No insured institution shall use advertising (whether printed, radio, display, or of any other nature) or make any representation which is inaccurate in any particular or which in any way misrepresents its services, contracts, investments, or financial condition.

[36 F.R. 7127, Apr. 15, 1971]

§ 563.28 Advertising of insurance of

accounts.

An insured institution may advertise itself as a "member" of the Federal Savings and Loan Insurance Corporation. [23 F.R. 9917, Dec. 23, 1958]

§ 563.29 Name of association.

No insured institution shall advertise under a name which includes the word "insured" in the name.

[23 F.R. 9917, Dec. 23, 1958]

§ 563.30 Reservation of right concern ing advertising.

The Corporation reserves the right to prescribe the form in which insurance of accounts may be advertised.

[23 F.R. 9917, Dec. 23, 1958]

§ 563.31 Other insurance or guaranty.

(a) An insured institution shall not acquire any insurance or guaranty of all or any part of the accounts of such insured institution in addition to the insurance provided by Title IV of the National Housing Act. As used in this section the term "accounts" shall have the same meaning as the term "withdrawable or repurchasable shares, investment certificates, or deposits" where used in subsection (a) of section 405 of the National Housing Act.

(b) The foregoing provisions of this section shall not be deemed to be violated by any action by a Federal savings and loan association that is in conformity with § 545.24-2 of this chapter or by any action by an insured institution which is not a Federal savings and loan association that would be in conformity with said 545.24-2 if such institution were a Federal savings and loan association which was a "deposit association" within the meaning of that term as used in § 545.1-2 of this chapter.

[39 FR 45256, Dec. 31, 1974]

§ 563.32 Payment of trustee fees on pension trust accounts.

Notwithstanding any other provision of this subchapter, annual payment by an insured institution of a nominal fee, even if computed with reference to the number of persons having interests in the trust, may be made to the trustee of a trust qualified under the SelfEmployed Individuals Tax Retirement Act of 1962, as amended, during the period that the account for such trust is maintained in such institution. [34 F.R. 5376, Mar. 19, 1969]
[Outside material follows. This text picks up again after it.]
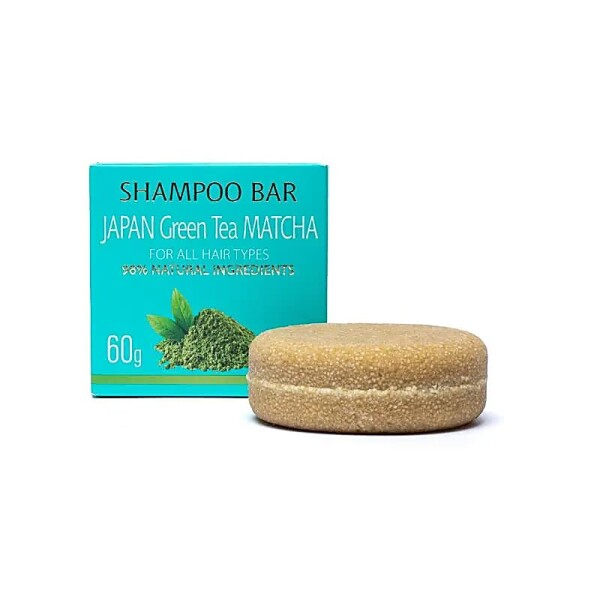 Festes natürliches Shampoo Jap. Grüntee -- 60 g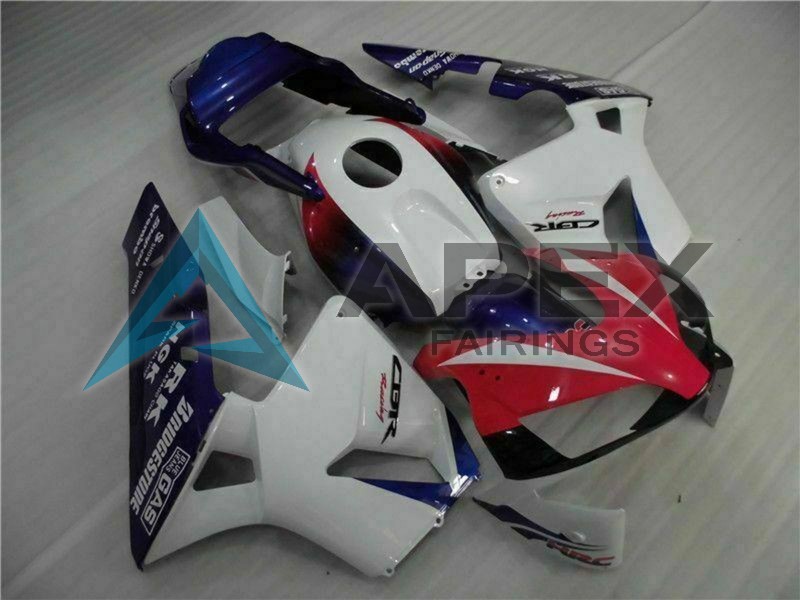 White Red Blue - Honda CBR600RR (2003-2004) ABS Fairings | Apex Fairings — view 2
§ 563.34 Selection of depositary.

(a) Except with the prior written approval of the Corporation, as provided in paragraph (b) of this section, and except as is otherwise provided in this subparagraph, no insured institution may (1) establish a depositary relationship on or after July 1, 1972, with a depositary with which it has an interlock; or (2) maintain an existing depository relationship if an interlock with such depositary occurs on or after

July 1, 1972. Any depositary arrangement involving an interlock existing prior to July 1, 1972, may be continued on and after such date unless such arrangement has been specifically disapproved by the Corporation. The provisions of this section shall not apply to a depositary relationship between an insured institution and a Federal Home Loan Bank. For the purposes of this section and "interlock" will be deemed to exist between an insured institution and a depositary whenever any officer, director, or controlling person of the insured institution, or attorney regularly serving the institution in the capacity of attorney at law, or the spouse of any of the foregoing, is an officer, partner, director, or trustee of the depositary or the owner of ten percent or more of the depositary's stock:

(b) Any request for such Corporation approval shall be filled with a Supervisory Agent of the Corporation at the Federal Home Loan Bank of the district in which the institution is located. In taking action with respect to depositary arrangements, including disapproval of existing arrangements, the Corporation will consider the size of the depositary relative to the deposits maintained by the institution, the amount of the deposits relative to the size of the institution, the degree of the interlocking relationships, and any other factor which is or may be detrimental to the institution or investors or depositors therein or borrowers therefrom.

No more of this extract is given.